Expression of TGFα and the EGF receptor was studied in relation to apoptosis in human colorectal mucosa and premalignant and malignant tumors. In normal mucosa the proteins colocalized both in the proliferation compartment and at the luminal pole of the crypts in cells committed to undergo apoptosis. While staining for the EGF receptor was increased in premalignant and malignant lesions, TGFα was undetectable in aberrant crypt foci as well as large areas of adenomas. Incidence of apoptosis (AI) was high in these areas ranging from 8.83–24.59. Adenomas did, however, contain islands of high TGFα expression where AI was decreased to a range of 0.76–4.00 (decreased at P=0.0027).
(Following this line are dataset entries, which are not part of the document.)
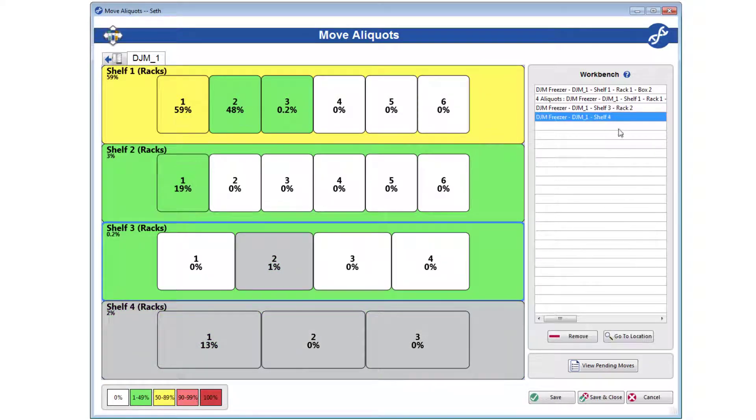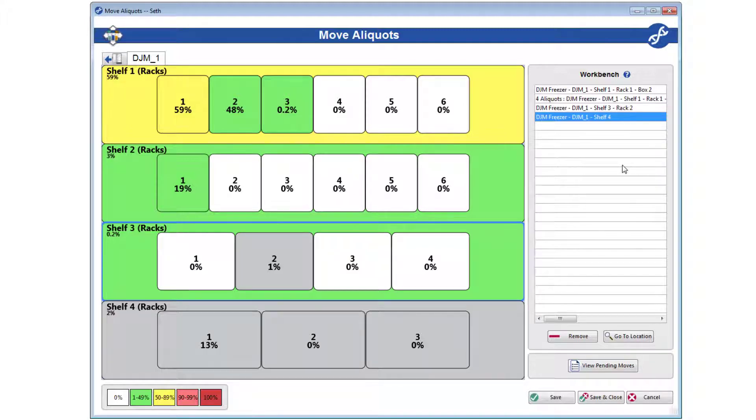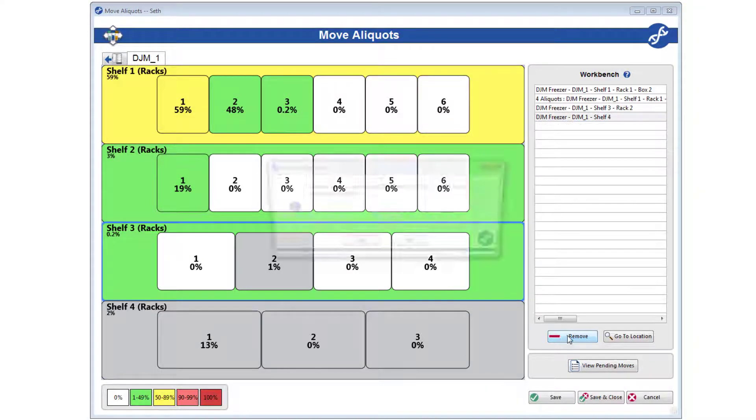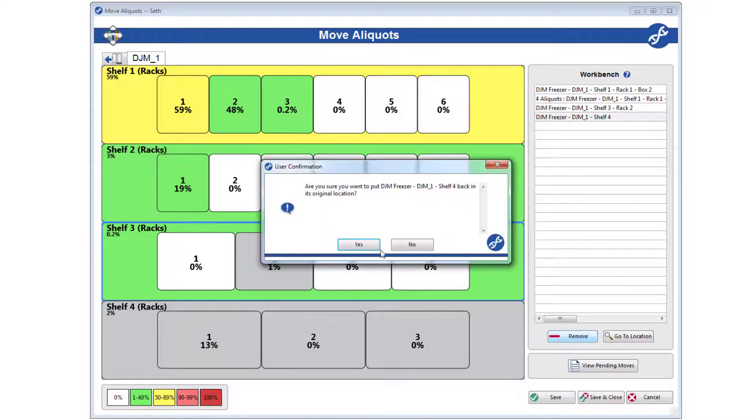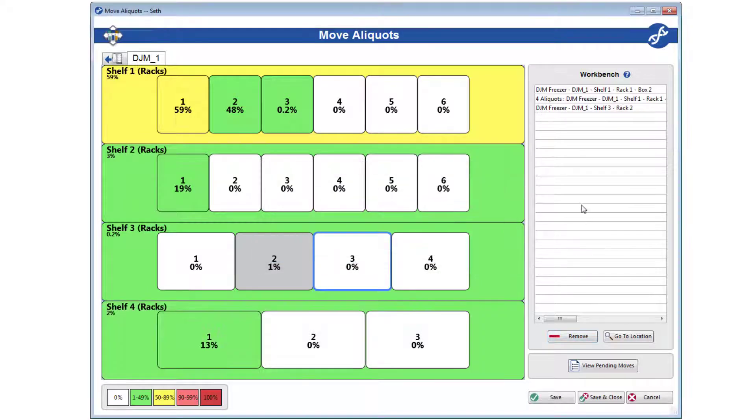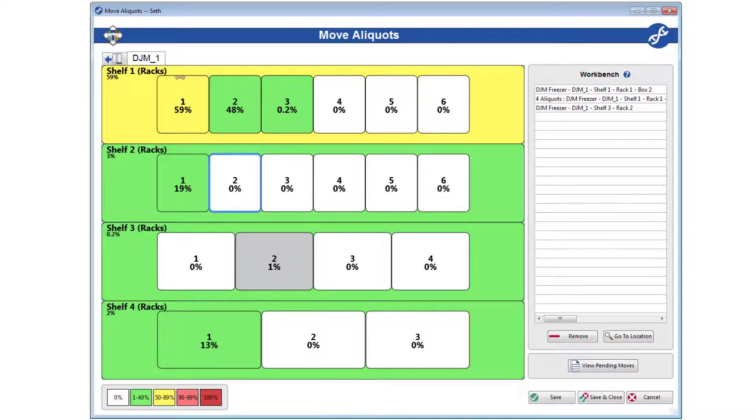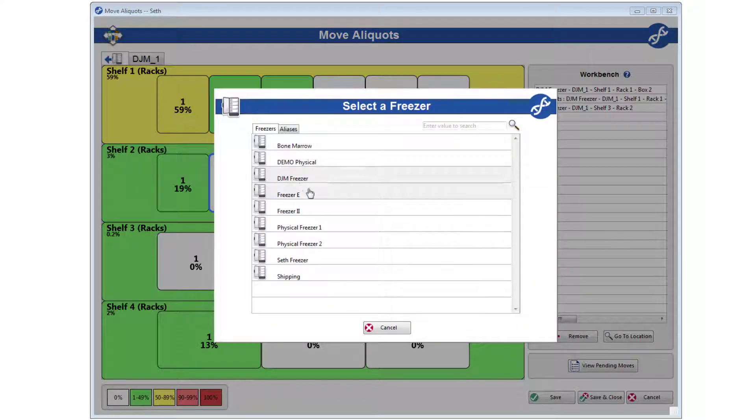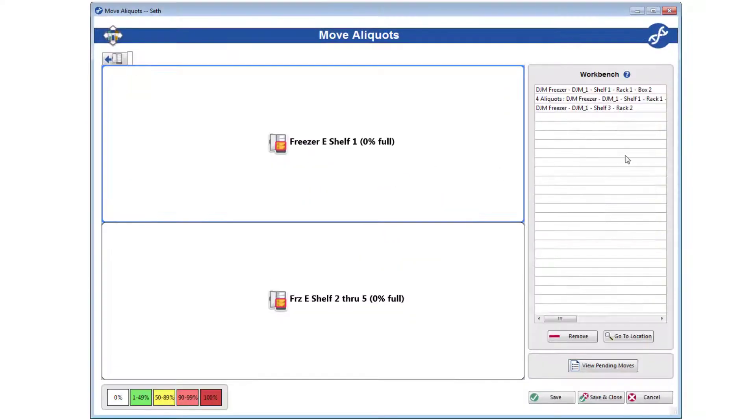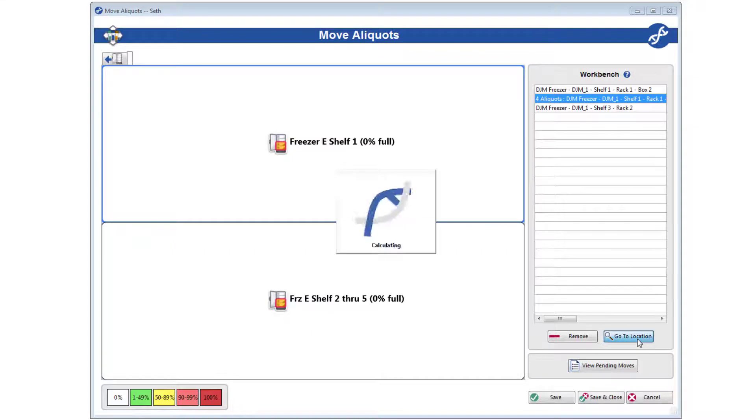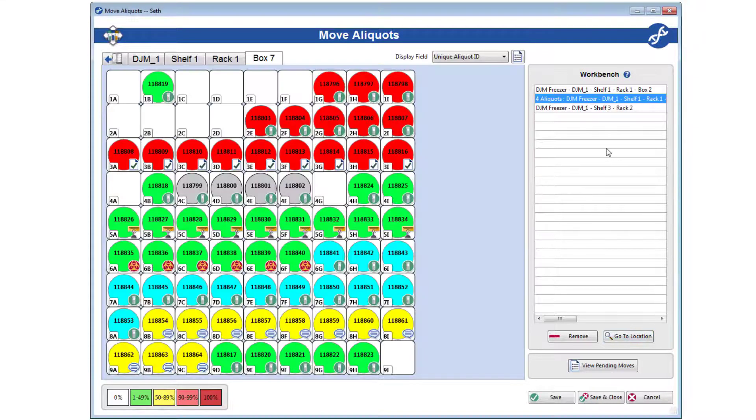If you ever make a mistake and need to return something to its original location, just highlight it in the workbench and click Remove. If you ever need to quickly jump to a location represented on the workbench, say if you've changed freezers or something, highlight it in the workbench and click Go to Location. These two options are also available if you right click a workbench object.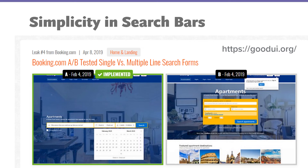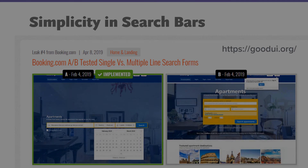One more pattern is simplicity in search bars. A lot of people think the search bar must be complex with many fields, but you have to make it as simple as possible. Booking.com ran an A/B test — the design on the left looks simple with just three input fields, while the right looks like a big form to fill. Use a single search bar rather than multiple-line search forms; it's a better way to make searching easier for users.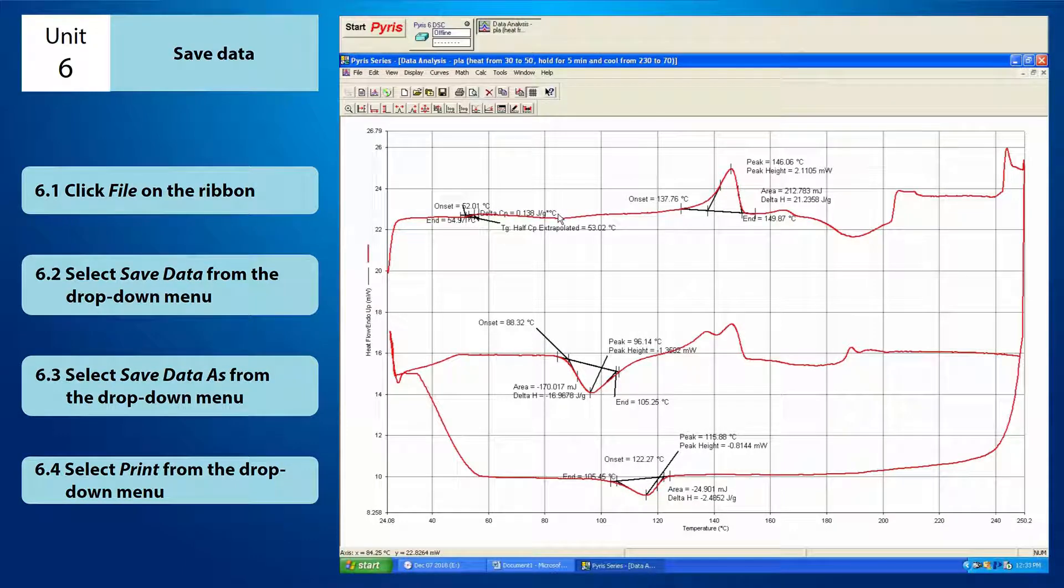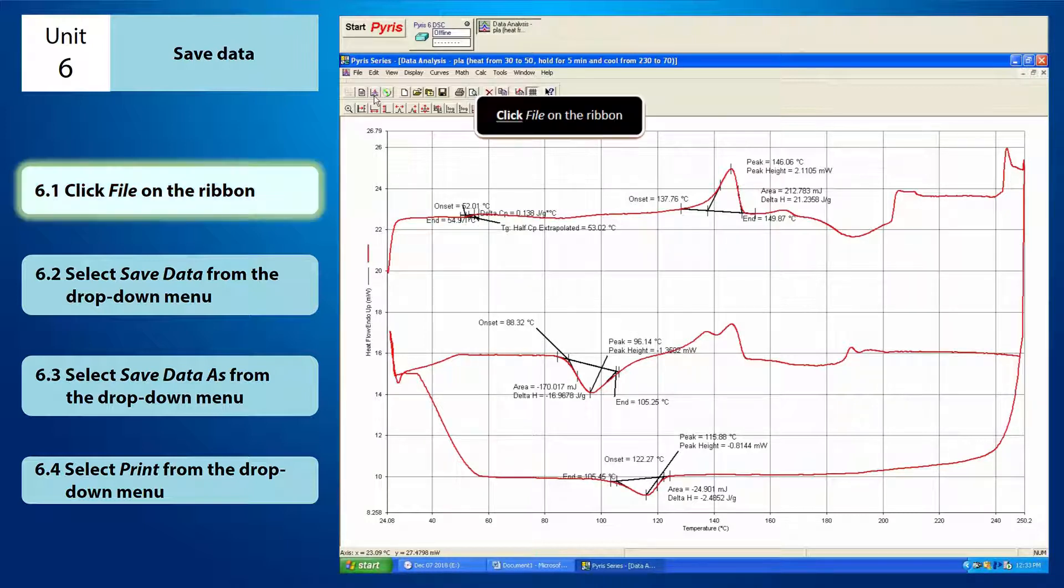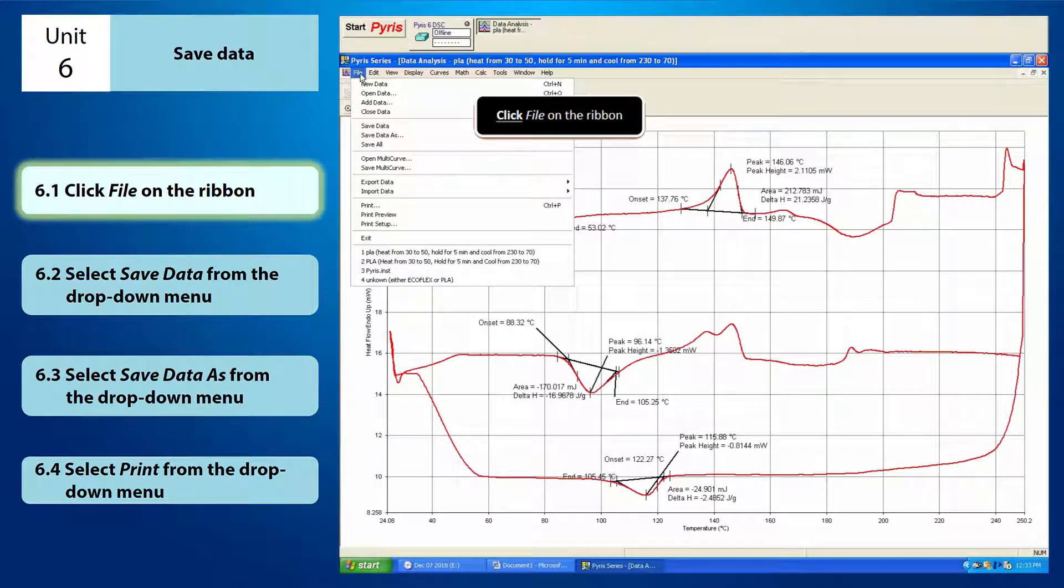Hi everyone, this is a tutorial video on how to save your data from the instrument viewer. First, you need to click file on the ribbon.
In carcinomas TGFα expression was increased above both normal and adenoma levels corresponding to the decrease in apoptosis in the malignant tumors. Tissue localization of TGFα and AI were still inversely related (P=0.022), but interpatient variability was much larger than for adenomas. The data indicate that TGFα is the main survival factor in premalignant tumor cells of the colon, while additional factors moderate its effect in carcinomas. This suggests the possibility of targeting the EGF receptor pathway not only for treatment but also for the reversal of adenoma growth and the prevention of malignant colorectal tumors.